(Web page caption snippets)
========

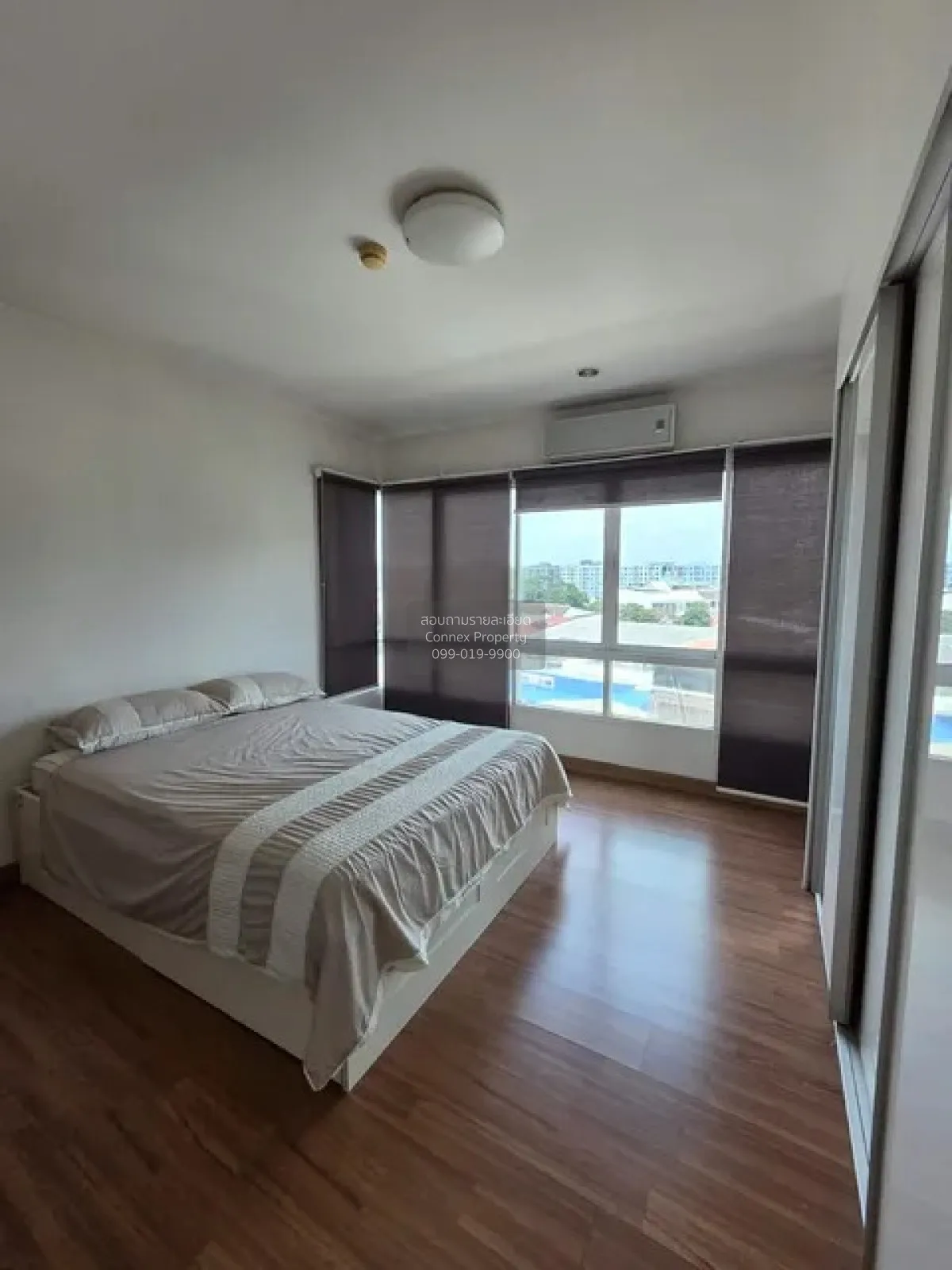 For Sale Condo , The Wellington Condominium , MRT-Lam Sali , Saph
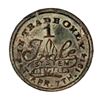 Image 2 : Varney Brothers Token [198269]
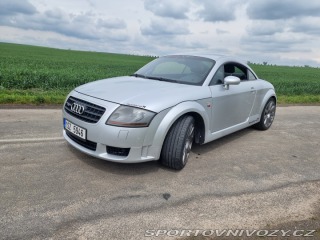 Audi TT 8N 2003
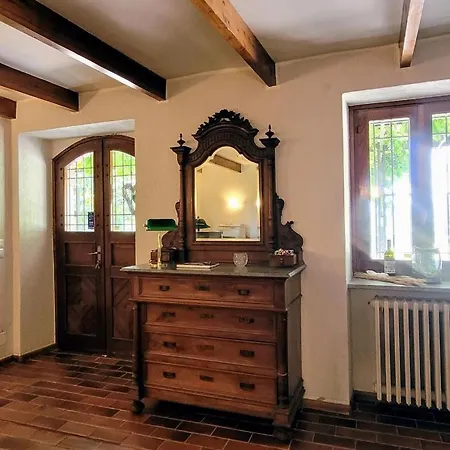 Bella Piemonte Ницца-Монферрато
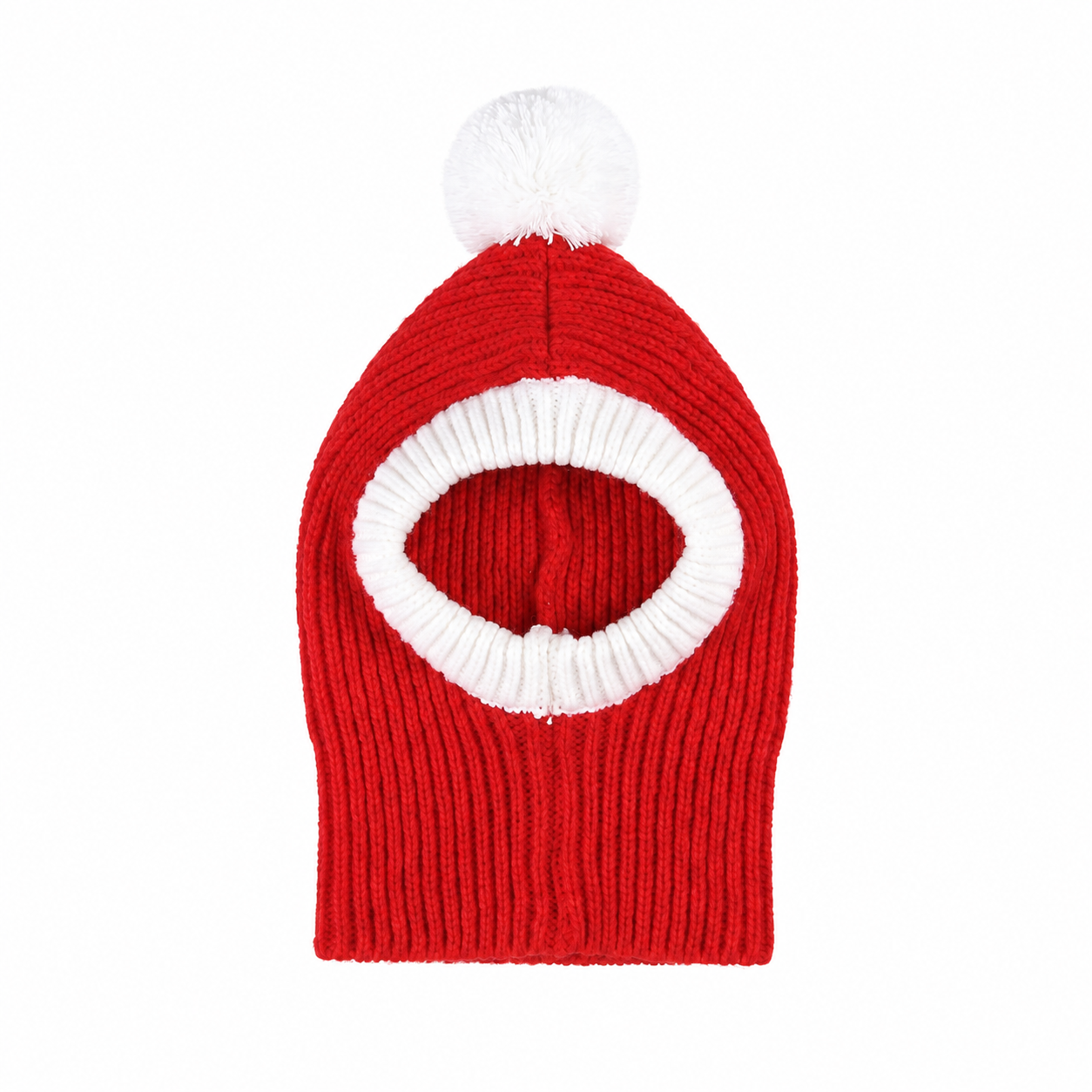 Knitted Santa Dog Sweater YTP-18-00012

========

- Exercise details:
Only the lines from the one containing "Audi TT 8N 2003" through the last line of the entries, both included, should be repeated exactly, and the pictures should be left out.

- Solution to this problem:
 Audi TT 8N 2003
 Bella Piemonte Ницца-Монферрато
 Knitted Santa Dog Sweater YTP-18-00012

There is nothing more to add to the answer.